Fri 18 November 2022 View all news

The Chancellor, Jeremy Hunt, has announced that, from April 2025, electric cars, vans and motorcycles will begin to pay vehicle excise duty (VED) in the same way as petrol and diesel vehicles. The Autumn Statement also announced that car and van fuel benefit charges and van benefit charge will rise in line with inflation from 6 April 2023.

To justify the introduction of VED for electric vehicles, the Chancellor argued that the measure was being introduced because the Office for Budget Responsibility forecasts that half of all new vehicles sold in 2025 will be electric and that the change "would therefore create a fairer motoring tax system". 

The measure is proposed to include vehicles registered between 1 April 2017 and 31 March 2025 and new zero emission cars registered on or after 1 April 2025. The former group will pay the standard rate of VED (currently £165 a year) and the latter group will be required to pay the lowest first year rate of VED (which applies to vehicles with CO2 emissions 1 to 50g/km) currently £10 a year then the standard rate from the second year.

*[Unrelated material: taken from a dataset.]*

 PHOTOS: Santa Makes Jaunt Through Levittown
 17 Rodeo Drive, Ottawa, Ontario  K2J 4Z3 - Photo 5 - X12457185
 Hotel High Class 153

In addition, new zero emission cars costing more than £40,000 and registered after 1 April 2025 will also be liable for the Expensive Car Supplement and rates for alternative fuel vehicles and hybrids will be equalised.

The Autumn Statement also announced that, following discussions with industry bodies, the Government will set rates for company car tax (CCT) until April 2028. 

The Chancellor said that the Government will also legislate in the Spring Finance Bill 2023 to extend the 100% First Year Allowance for electric vehicle chargepoints to 31 March 2025 for corporation tax purposes and 5 April 2025 for income tax purposes "to help ensure that the tax system continues to help incentivise business investment in charging infrastructure".

Electric vehicles have enjoyed significant benefit in kind (BIK) tax advantages to date. The Chancellor announced that legislation will introduce regulations in December 2022 to increase car and van fuel benefit charges and van benefit charge in line with inflation (CPI) from 6 April 2023, so significant tax-related benefits for company EV drivers will continue.  

The VED changes received a mixed reaction from stakeholders with some (including the AA) fearing it could subdue electric vehicle sales, with others (including the RAC) suggesting it was anticipated and reasonable that EV drivers should contribute an increasing share of maintaining the road infrastructure. 

Gerry Keaney, Chief Executive, BVRLA and a Zemo Partnership Board member said: "Benefit in Kind rates remaining fair, alongside the clarity provided by years of foresight, gives us a clear path on the road to net zero. The long-term health of the market has been boosted by today's announcement."

Ralph Palmer, Electric Fleets Lead, T&E, said: “Introducing a new tax on EVs, but no new levies on polluting vehicles, is just plain wrong. Whilst EV drivers should contribute to infrastructure and maintenance through taxes, this should be accompanied by a broader shift to more effectively tax polluting cars too, particularly at the point of purchase. Not maintaining or widening the tax differential between electric and emitting cars is a massive own goal and risks stifling the progress the UK has made on electrification.” 

Andy Eastlake, Zemo's Chief Executive Officer added” There's good news and bad within this announcement.  Giving longer term clarity on BIK rates (a primary stimulus for EV uptake) is essential.  However ‘cliff edge’ policies such as the VED change dating back to 2017 seems anomalous and an unprecedented, retrospective application of VED. We've long called for progressive and long-term carbon-related fiscal policies, to embed the confidence needed to encourage consumers and industry to embrace the switch.”